Agnieszka SosnowskaLansendi, Iceland (2012)

I first encountered Sosnowska’s work through Lensculture’s underwhelming showcase of her work.

Several months later, I caught a broader cross section of her work as part of the Traces of Life exhibition at the Reykjavik Museum of Photography.

What struck me immediately was how good her printmaking chops were and how her digital presence seemed almost completely devoid of life by comparison.

Yet what strikes me looking at this photo which–excepting the stunningly luminous range in skin-tone and subtle gradations in the sky, which my guess would be were burnt in–limits everything in the frame to three zones: the textured black sand (Zone II), the dark grey rocks (Zone IV) and the sky (Zone IX).

It’s also interesting to note how Sosnowska has been working with variations on the idea of the image for more than a decade. For homework: compare and contrast the above with this photo from 2007.

Agnieszka Sosnowska – Nowell, Massachusetts (1991)

If you follow this blog for the artier stuff, then you are probably already familiar with Lens Culture.

They do some rad stuff: serving as the impetus for posts featuring the work of Anna Grzelewska and Kumi Oguro.

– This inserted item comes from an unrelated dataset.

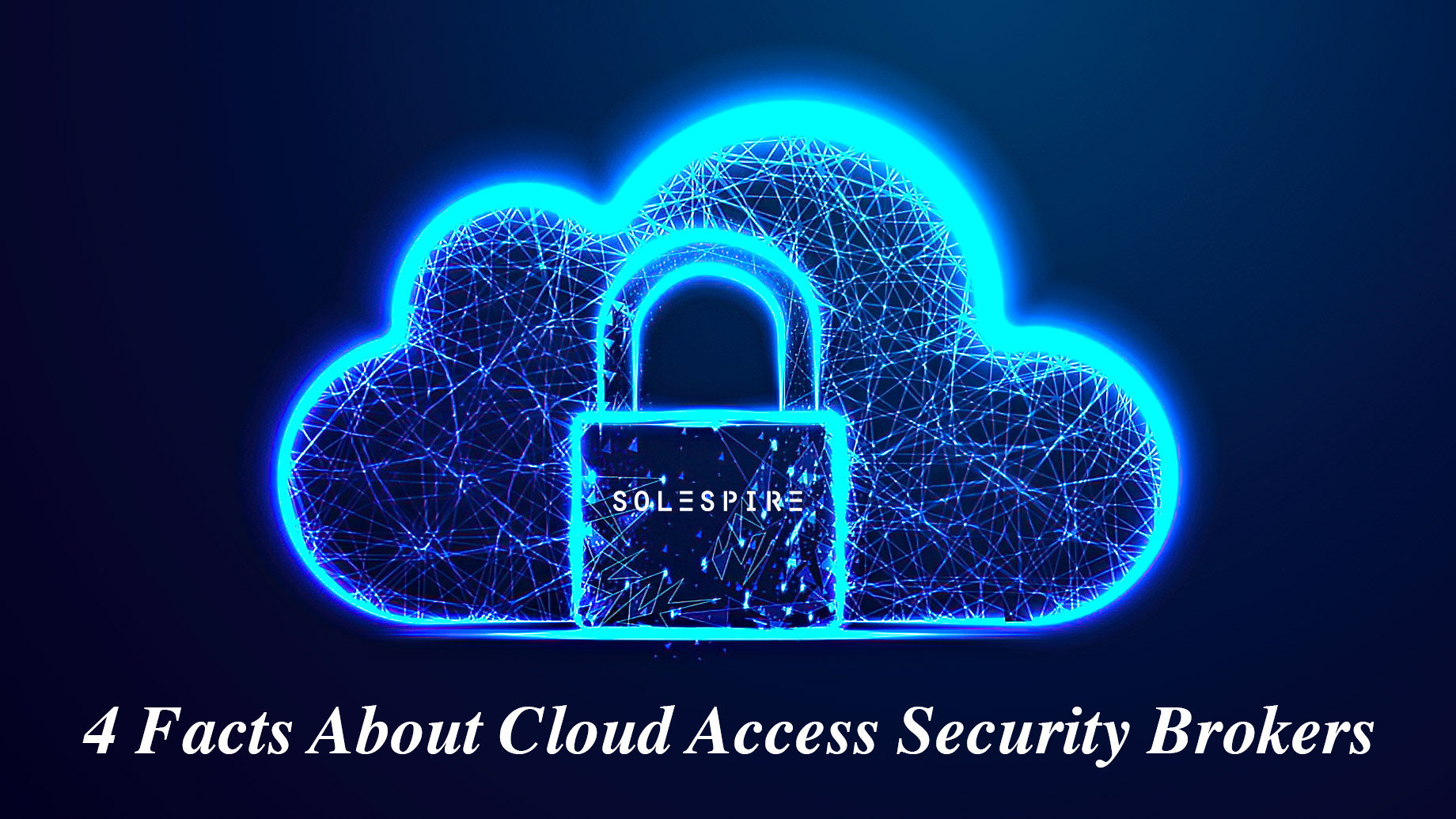 4 Facts About Cloud Access Security Brokers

Honestly, I was thoroughly underwhelmed by their presentation of Sosnowska. By focusing solely on her work’s ‘coming to terms’ with her families immigration to Iceland, there’s this sort of O Pioneers! vibe to it that registers as coy, sentimental and over-precious.

While I was in Iceland, the boastfully named Ljósmyndasafn Reykjavíkur, or Reykjavík Museum of Photography, had a show up called Traces of Life featuring a smattering of Sosnowska’s work.

I can’t speak to the quality of curation of the show–it seemed to lack an overarching cohesion and although explicitly preoccupied with self-portraiture, a great deal of the work was abstract in a way that beggars the question: how is this self-portraiture? (Not that most of the work on display offered much guidance on how to address such questions.)

Still, I have to qualify it as a success because I walked away with a respect for Sosnowska, I would have otherwise missed. Part of it was realizing that her work is fundamentally rooted in self-portraiture. Second, nothing available online does her images justice. She makes rich, contrasty, 3D baryta prints that are small, make stubborn demands for intimate observation and seethe with the ambiguous intention of a stumbled upon coiled serpent.